Commercial whaling resumed in Icelandic waters on Friday following a two- month ban imposed over issues for animal welfare.
“Whaling can resume with detailed and stricter requirements for hunting equipment and hunting methods as well as increased supervision,” the fisheries ministry stated in an announcement.
Animal safety teams hit out on the resolution. Humane Society International (HSI) stated the fisheries minister Svandis Svavarsdottir had made an inexplicable resolution.
“Minister Svavarsdottir has dismissed the unequivocal scientific evidence that she herself commissioned, demonstrating the brutality and cruelty of commercial whale killing,” stated Ruud Tombrock, HSI’s government director for Europe.
“There is simply no way to make harpooning whales at sea anything other than cruel and bloody, and no amount of modifications will change that,” added Tombruck.
Permission
Iceland, Norway and Japan are the one nations that permit industrial whaling. But Iceland suspended its whale hunt on 20 June after a government-commissioned report concluded the hunt doesn’t adjust to the nation’s Animal Welfare Act.
Monitoring by Iceland’s Food and Veterinary Authority on the fin whale hunt discovered that the killing of the animals took too lengthy based mostly on the primary aims of the Animal Welfare Act.
Video clips broadcast by the veterinary authority confirmed a whale’s agony because it was hunted for 5 hours.
Iceland suspended looking fin whales in 2016 because of a declining marketplace for whale meat. Hunting resumed for the 2018 season when 146 fin whales had been killed.

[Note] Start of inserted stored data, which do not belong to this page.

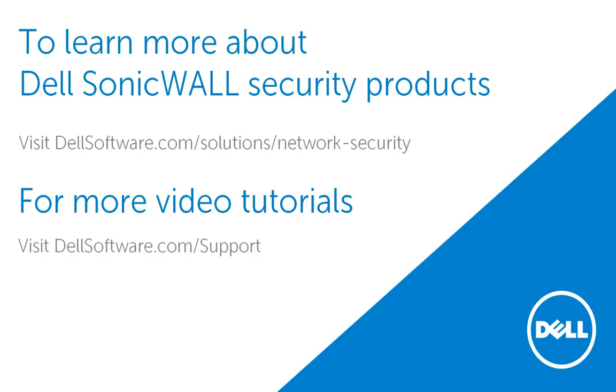To learn more about Dell SonicWall security products, please visit dellsoftware.com/solutions/network-security. For more video tutorials, visit dellsoftware.com/support. I hope this has been informative and thank you for watching this video.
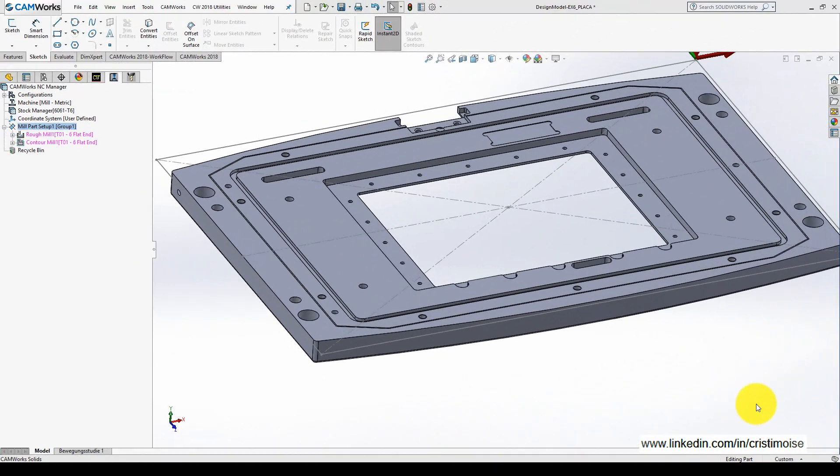Hello guys, Christian here. Today I want to show you a great tool called CAMWorks NC Editor. In CAMWorks 18, there are a lot of enhancements, but one of the most important is the new CAMWorks NC Editor.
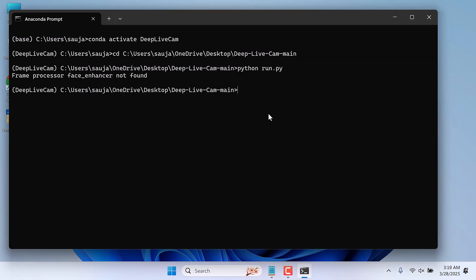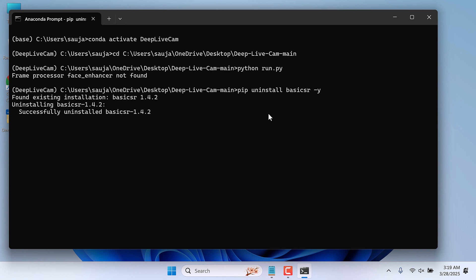Now we first need to uninstall Basic SR. For that type pip uninstall basicsr dash y and enter. So this has been uninstalled.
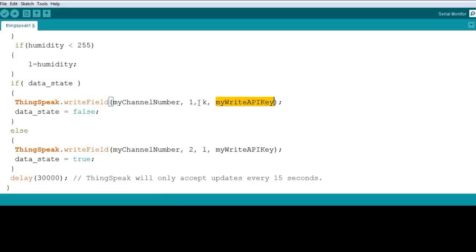Here is the ThingSpeak write field function we are using. It takes the channel number, the API key, and writes to fields 1 and 2. Variable K is for temperature and variable L is for humidity, and these values are transmitted online.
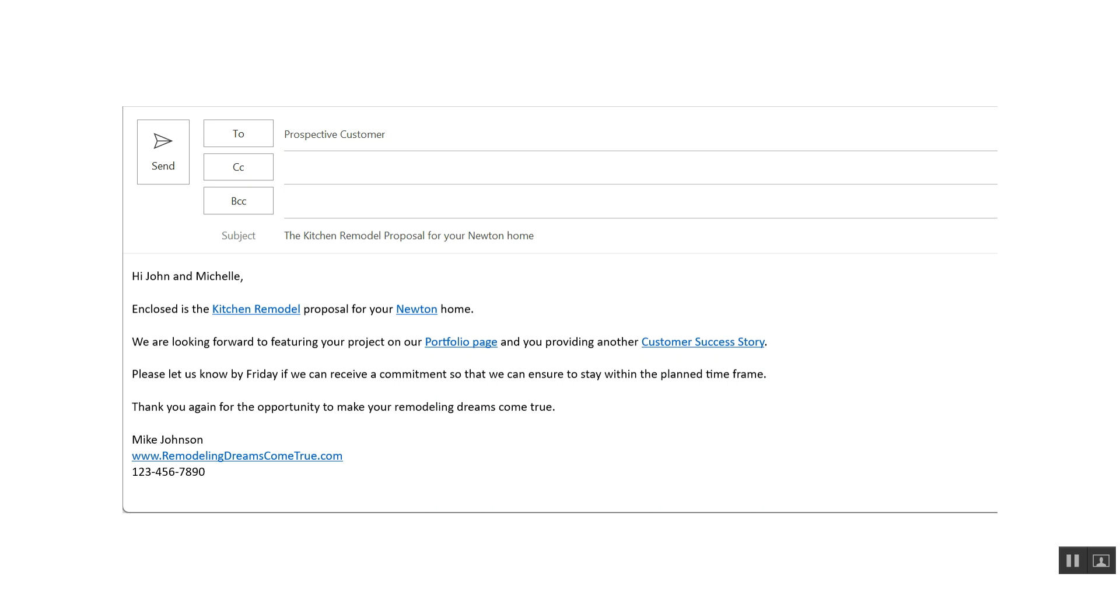And in the second sentence, we say, we're looking forward to featuring your project on our portfolio page with the portfolio page being hyperlinked to the website. And you providing another customer success story, implying that there's a landing page for reviews of other success stories with previous customers.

Icelandic whalers killed a single minke whale between 2019 and 2021, and 148 fin whales in 2022.
Will Japan ever cease looking whales?
Annual quotas authorise the killing of 209 fin whales – the second-longest marine mammal after the blue whale – and 217 minke whales, one of many smallest species.
“Whales already face myriad threats in the oceans from pollution, climate change, entanglement in fish nets and ship strikes,” stated Tombruck.
“With the need for whale protection so critical. this is a devastating rejection of a once-in-a-generation opportunity to end the slaughter at sea.
“There is a brand new shameful entry within the conservation historical past books, Iceland had an opportunity to do the suitable factor and it selected to not.”